* _Short descriptive text snippets_:

╭──

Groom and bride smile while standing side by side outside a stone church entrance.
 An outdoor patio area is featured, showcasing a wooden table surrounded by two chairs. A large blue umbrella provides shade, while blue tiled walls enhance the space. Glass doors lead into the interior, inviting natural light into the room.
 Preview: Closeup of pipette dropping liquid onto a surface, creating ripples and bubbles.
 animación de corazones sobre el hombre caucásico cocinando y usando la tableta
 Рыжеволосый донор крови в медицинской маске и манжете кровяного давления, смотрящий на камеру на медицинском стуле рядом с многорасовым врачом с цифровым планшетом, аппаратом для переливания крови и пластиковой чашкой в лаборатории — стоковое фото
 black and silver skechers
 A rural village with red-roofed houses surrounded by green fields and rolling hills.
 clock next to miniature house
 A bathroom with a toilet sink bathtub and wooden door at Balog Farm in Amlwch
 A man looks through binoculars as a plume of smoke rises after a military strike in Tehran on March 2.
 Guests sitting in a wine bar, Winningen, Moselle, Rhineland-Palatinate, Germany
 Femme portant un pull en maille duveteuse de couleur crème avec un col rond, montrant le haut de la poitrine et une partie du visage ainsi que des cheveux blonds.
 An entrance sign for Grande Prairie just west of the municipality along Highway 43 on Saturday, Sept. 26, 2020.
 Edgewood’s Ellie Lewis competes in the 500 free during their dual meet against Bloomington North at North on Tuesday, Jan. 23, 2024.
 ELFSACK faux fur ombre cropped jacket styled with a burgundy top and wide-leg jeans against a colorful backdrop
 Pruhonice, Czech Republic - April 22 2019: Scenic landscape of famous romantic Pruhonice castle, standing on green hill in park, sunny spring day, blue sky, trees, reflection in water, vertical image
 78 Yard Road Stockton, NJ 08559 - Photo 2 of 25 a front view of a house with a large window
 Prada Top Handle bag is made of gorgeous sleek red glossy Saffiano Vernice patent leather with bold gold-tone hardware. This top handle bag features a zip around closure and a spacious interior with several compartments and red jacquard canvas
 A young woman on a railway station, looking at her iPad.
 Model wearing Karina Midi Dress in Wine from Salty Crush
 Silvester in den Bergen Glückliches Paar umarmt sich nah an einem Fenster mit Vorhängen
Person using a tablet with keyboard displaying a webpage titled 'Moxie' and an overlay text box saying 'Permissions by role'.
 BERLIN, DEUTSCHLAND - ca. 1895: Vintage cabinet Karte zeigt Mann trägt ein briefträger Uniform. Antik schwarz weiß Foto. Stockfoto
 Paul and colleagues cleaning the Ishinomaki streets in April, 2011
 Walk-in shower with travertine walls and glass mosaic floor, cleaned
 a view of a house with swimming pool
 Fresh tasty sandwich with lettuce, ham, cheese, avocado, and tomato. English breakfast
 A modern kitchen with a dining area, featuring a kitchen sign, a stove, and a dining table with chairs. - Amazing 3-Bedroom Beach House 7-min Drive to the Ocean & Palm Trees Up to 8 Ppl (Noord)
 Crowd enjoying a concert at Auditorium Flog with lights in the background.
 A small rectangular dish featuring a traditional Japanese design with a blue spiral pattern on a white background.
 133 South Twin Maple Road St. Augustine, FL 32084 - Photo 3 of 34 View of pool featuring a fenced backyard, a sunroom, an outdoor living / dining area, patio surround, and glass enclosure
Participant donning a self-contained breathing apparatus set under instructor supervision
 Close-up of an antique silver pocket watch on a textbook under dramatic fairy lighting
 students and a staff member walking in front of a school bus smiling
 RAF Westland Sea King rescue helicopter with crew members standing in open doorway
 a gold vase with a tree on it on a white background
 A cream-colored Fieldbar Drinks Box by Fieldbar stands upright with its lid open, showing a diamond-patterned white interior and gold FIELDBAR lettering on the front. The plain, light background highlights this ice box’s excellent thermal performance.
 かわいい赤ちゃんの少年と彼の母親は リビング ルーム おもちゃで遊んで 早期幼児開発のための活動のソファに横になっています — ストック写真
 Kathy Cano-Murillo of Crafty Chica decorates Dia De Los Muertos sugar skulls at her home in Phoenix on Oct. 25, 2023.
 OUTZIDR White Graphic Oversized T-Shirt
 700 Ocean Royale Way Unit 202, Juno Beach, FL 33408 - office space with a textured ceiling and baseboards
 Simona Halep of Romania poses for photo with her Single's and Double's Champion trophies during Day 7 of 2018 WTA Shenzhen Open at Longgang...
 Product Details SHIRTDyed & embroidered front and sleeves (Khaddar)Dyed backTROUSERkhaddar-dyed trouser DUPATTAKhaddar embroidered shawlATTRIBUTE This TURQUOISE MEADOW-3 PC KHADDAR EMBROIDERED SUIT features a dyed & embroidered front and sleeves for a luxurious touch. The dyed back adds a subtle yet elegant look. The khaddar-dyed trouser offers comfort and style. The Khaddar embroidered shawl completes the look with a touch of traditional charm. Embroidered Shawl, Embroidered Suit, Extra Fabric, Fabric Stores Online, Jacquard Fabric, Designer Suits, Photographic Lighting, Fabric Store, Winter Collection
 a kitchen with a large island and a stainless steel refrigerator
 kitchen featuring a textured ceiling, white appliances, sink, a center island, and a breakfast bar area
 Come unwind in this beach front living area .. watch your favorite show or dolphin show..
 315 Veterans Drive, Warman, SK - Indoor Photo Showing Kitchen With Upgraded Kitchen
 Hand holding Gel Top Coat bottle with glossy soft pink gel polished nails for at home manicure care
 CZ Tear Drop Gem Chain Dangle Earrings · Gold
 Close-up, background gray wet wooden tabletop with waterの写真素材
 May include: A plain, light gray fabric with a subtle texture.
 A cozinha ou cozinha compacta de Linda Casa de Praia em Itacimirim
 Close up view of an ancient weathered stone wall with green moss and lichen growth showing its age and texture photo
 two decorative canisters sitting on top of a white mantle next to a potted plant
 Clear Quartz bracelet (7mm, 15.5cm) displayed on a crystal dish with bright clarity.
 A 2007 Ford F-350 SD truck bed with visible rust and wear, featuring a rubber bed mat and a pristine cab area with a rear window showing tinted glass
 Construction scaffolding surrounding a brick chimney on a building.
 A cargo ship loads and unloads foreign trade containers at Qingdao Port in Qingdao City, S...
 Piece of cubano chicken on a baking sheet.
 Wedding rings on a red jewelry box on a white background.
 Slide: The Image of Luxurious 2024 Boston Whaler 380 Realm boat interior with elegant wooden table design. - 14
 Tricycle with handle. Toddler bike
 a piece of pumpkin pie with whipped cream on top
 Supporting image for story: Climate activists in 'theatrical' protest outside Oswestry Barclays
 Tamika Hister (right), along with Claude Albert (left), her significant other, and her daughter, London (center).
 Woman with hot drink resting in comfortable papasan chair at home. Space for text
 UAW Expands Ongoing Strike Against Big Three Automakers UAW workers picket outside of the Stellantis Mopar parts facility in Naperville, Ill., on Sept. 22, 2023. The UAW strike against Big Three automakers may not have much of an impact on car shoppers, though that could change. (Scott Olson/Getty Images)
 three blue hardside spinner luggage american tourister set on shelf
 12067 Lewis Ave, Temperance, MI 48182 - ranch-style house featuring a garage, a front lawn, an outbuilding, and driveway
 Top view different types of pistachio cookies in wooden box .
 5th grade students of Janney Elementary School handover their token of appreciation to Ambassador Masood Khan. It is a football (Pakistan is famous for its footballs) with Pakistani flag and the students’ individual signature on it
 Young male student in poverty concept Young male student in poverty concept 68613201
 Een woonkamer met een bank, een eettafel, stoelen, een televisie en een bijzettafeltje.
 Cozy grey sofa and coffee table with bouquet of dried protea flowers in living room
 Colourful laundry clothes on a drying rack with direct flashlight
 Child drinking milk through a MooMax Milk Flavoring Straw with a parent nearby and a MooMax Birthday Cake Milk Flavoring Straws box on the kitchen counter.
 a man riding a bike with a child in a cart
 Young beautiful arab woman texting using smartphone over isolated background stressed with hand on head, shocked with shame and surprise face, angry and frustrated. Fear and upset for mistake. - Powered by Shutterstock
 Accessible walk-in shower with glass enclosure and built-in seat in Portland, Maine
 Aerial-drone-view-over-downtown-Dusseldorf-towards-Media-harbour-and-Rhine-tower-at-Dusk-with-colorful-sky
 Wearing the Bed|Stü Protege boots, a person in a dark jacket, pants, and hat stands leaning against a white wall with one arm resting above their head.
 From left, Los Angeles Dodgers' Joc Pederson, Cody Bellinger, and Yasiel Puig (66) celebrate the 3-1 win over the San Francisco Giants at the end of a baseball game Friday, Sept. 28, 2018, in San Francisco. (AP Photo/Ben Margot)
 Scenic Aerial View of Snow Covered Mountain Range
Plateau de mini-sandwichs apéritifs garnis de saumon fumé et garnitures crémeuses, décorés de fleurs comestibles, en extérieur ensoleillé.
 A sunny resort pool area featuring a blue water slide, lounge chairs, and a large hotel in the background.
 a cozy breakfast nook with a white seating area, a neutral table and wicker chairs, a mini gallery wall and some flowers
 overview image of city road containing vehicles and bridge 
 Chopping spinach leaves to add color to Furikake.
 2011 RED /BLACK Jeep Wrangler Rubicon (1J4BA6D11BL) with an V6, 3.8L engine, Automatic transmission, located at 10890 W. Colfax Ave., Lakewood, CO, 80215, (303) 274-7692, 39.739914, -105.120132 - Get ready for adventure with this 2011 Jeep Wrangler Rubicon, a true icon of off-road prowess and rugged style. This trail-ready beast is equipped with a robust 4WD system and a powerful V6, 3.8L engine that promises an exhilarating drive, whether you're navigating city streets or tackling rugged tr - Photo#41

╰──

* _To do_: Figure out how many lines above include the string "wooden", then report that number and nothing else.

* _Output below_: 5